…has been survived.
I managed to get all the errands done in the afternoon with time still for Ray and me to take a shower. It’s difficult to convince her to get out of there before the water turns cold, but I did it. And even then there was time to do some yoga, so I didn’t kill anyone or end up spraining something while dragging Ray around.
We waited. And waited.
The other little girl didn’t show up. Phone constantly busy–ah, dialup.
Six thirty. I put a dish of candy outside the front door, buttoned Ray up, and heard voices outside the door. Kids. Big ones, about fifteen-sixteen. As I opened the door, one of them was stuffing the dish–the entire dish–into a bag large enough to hold an adult body of average height and weight.
“She’s standing right here,” one of the other said. “You better put that back.”
F—— kids. I bet these are the same ones that keep knocking the rocks off the retaining wall.
Anyway, left another bowlful of candy outside the door, got out of the house, vroom vroom, and drove down the road to the mall.

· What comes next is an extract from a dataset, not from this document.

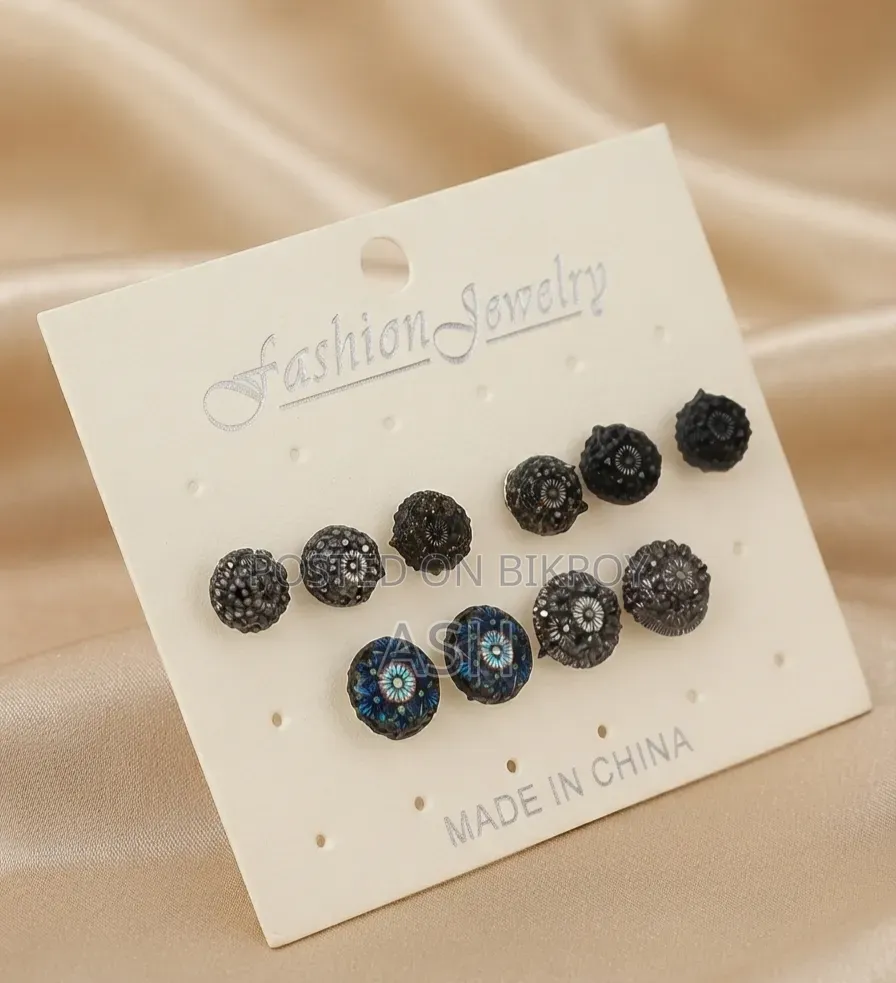 5 Pairs Vintage Patterned Stud Earrings Set for Women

By the time we got there, most of the candy was gone.
No, this was a good thing. Even though they were finishing up, we still had to wait a couple of minutes just to walk around a corner. So many kids! Ray didn’t take trick or treating well until I convinced her that the plastic pumpkin filled with candy was hers, and she could put the candy into it instead of holding it all in one sweaty little fist and staring painfully at people when they offered her candy, because she’d run out of hands. She even let me hold the candy while she talked to Scooby Doo.
Nobody else had such a cute little elephant. A zombie dressed in blood, wig, bustier, transparant skirt, and g-string, pushing a stroller with a baby dressed as a duck, gushed: Oh izzu a ne’ffant den?
We wandered the mall and everyone else went to happier hunting grounds, places with more candy and fewer trick or treaters. It was fun. I don’t know when the transition was made, but Ray’s more fun to take windowshopping now. I don’t know…she seems to understand that we’re just looking at stuff, possibly poking it or cooing at it here and there. I don’t have to carry her the whole way, and she’ll hold my hand whenever there are just too many people.
We left about eight thirty, came home, rescued the empty candy bowl (which had not been stolen), listened to phone messages: the weather outside town had been so bad that the other girl’s mom had turned around halfway out, stopped at the store for candy, and had gone home. As it turns out, the age of two may be the last time before post-adolescence that it’s possible to do this without a screaming fit. –Well, you’re at risk for screaming fits at any moment with a two year-old, but there you go.
We picked up Lee from work early, but Ray fell asleep in the car, so I lay her down, still dressed in her elephant suit (but without the hat, so no ears or trunk). Zonkzilla, as Lee likes to say.
And that was Halloween.
I remember my father driving us around in a blizzard to go trick or treating out in the country one year. At best, we’d hit about nine or ten places: I think we made it three that year, and shouldn’t have gone to any, but dad was too stubborn to take us back before then (or unwilling to face the consequences of two kids with loooooong faces).
Lee laughs when I tell him about it, and says, “I always knew I liked your dad. He knows his priorities.”